The Vortex script can be downloaded here DrugName2SMILEScir.vpy

ChemSpider

ChemSpider is a free chemical structure database providing fast access to over 58 million structures, properties, and associated information. There are also a series of web services that provide access to the data.

The ChemSpider webservices are a powerful suite of tools that provide access to many of the commonly used features of ChemSpider through Application Programming Interfaces (APIs). The webservices make it possible to enrich your Apps, your website, your in-house data systems and data workflow tools.

To access this web service you will need to register and obtain a security token. Registration does also give you access to a wide range of web services covering structure and spectra searching, and generic conversion between chemical file formats. If you are a Python user you should also look at ChemSciPy. If you use PIP then installation is straightforward.

pip install chemspipy

For many tasks that you might want to perform on ChemSpider (searches etc), there is no need to have a ChemSpider User account. However, if you want to save Results sets, Curate records, add Data or use certain Web services, then you will need to have a ChemSpider account linked to an RSC ID.

You will need to edit the downloaded script to enter your security token.

The Vortex Script

# Python imports
import httplib
import urllib2
import urllib
from xml.etree import ElementTree as etree

# Vortex imports
import com.dotmatics.vortex.util.Util as Util
import com.dotmatics.vortex.mol2img.jni.genImage as genImage
import com.dotmatics.vortex.mol2img.Mol2Img as mol2Img
import jarray
import binascii
import string
import os
import sys

input_label = swing.JLabel("Name column (for input)")
input_cb = workspace.getColumnComboBox()
panel = swing.JPanel()

layout.fill(panel, input_label, 0, 0)
layout.fill(panel, input_cb,    1, 0)

ret = vortex.showInDialog(panel, "Choose Drug Name Column column")

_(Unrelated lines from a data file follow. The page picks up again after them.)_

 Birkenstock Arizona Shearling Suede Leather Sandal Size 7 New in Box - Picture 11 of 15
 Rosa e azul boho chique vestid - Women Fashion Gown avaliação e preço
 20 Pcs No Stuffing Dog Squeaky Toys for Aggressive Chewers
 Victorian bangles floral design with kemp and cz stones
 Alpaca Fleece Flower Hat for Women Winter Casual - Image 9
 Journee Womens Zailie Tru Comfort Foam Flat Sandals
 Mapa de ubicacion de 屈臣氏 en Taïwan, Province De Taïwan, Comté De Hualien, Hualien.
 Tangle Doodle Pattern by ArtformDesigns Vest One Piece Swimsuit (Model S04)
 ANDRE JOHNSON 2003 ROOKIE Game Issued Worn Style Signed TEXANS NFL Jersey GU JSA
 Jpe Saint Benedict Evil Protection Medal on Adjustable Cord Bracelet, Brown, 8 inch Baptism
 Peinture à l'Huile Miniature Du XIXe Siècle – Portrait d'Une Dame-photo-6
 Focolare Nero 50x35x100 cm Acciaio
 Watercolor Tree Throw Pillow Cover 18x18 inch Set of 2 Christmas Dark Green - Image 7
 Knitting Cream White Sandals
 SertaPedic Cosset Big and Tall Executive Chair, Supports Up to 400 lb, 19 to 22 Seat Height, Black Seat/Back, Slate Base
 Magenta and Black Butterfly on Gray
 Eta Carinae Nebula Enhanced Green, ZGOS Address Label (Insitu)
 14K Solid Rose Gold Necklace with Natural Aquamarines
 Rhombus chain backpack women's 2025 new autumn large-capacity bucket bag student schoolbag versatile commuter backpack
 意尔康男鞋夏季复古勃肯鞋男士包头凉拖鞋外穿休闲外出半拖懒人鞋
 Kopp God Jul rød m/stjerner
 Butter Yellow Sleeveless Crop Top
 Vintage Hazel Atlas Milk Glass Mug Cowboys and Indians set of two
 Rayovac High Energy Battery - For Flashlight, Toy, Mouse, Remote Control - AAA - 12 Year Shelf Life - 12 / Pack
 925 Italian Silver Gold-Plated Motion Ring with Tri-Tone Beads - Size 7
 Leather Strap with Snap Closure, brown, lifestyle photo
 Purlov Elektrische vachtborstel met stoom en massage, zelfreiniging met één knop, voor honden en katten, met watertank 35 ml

# You need to replace with your security token
token = 'Your Security Token'

if ret == vortex.OK:
    input_idx = input_cb.getSelectedIndex()

    if input_idx == 0:
        vortex.alert("you must choose a column")
    else:
        col = vtable.getColumn(input_idx - 1)

        colsmi = vtable.findColumnWithName('SMILES', 1)
        colcsid = vtable.findColumnWithName('CSID', 1)

        rows = vtable.getRealRowCount()
        fails = []
        for r in range(0, int(rows)):
            drugName = col.getValueAsString(r)



            encoded_name = urllib.quote(drugName)
            mystr = "http://www.chemspider.com/Search.asmx/SimpleSearch?query=%s&token=%s" % (encoded_name, token)
            try:
                myreturn = urllib2.urlopen(mystr).read()
                tree = etree.fromstring(myreturn)
                csid_el = tree.find('{http://www.chemspider.com/}int')
                if csid_el is None:
                    continue
                colcsid.setValueFromString(r, csid_el.text)
                info_url = "http://www.chemspider.com/Search.asmx/GetCompoundInfo?CSID=%s&token=%s" % (csid_el.text, token)
                info_response = urllib2.urlopen(info_url)
                tree = etree.parse(info_response)
                smiles = tree.getroot().find('{http://www.chemspider.com/}SMILES').text
                #colsmi = vtable.findColumnWithName('SMILES', 1)
                colsmi.setValueFromString(r, smiles)
            except urllib2.HTTPError:
                #fails.append(drugName)
                continue
            except urllib2.URLError:
            #fails.append(drugName)
                continue
            except httplib.HTTPException:
                #fails.append(drugName)
                continue

vtable.fireTableStructureChanged()

The Vortex script can be downloaded here DrugName2SMILESchemspider.vpy

Comparison of scripts

As you can see from the table below, OPSIN was by far the fastest. OPSIN ran through the workspace of nearly 14,000 structures in 5 seconds, however there were just over 1,500 names for which structures could not be assigned. ChemSpider identified the majority of structures from the names but was considerably slower. The chemical Identifier resolver left just under 1000 structures unresolved and was the slowest of the three methods. It should be noted however the performance of the web services will be dependent on network traffic and the load on the web server.

OPSIN
CIR
Chemspider
Time
5 sec
4h 30min
1h 50min
Unresolved
1571
939
161


I found that depending on the time of day sometimes the web servers stopped responding on long runs, if you are going to be looking up more than a few thousand names I'd recommend that you split it into chunks to avoid overloading the web server.

Change

for r in range(0, int(rows)):

to

for r in range(0, 4000):

then

for r in range(4000, 8000):

etc.


It is important to note that OPSIN converts the chemical name to a structure, whilst CIR and ChemSpider are lookup services. So whilst OPSIN will be able to convert the chemical names of any novel molecules to structures, the look up services will only be able to provide structures that exist in the database. However the databases will also contain synonyms, trivial names and trade names that could be used to identify a molecule, OPSIN was not designed to use these as input.

Page Updated 12 January 2016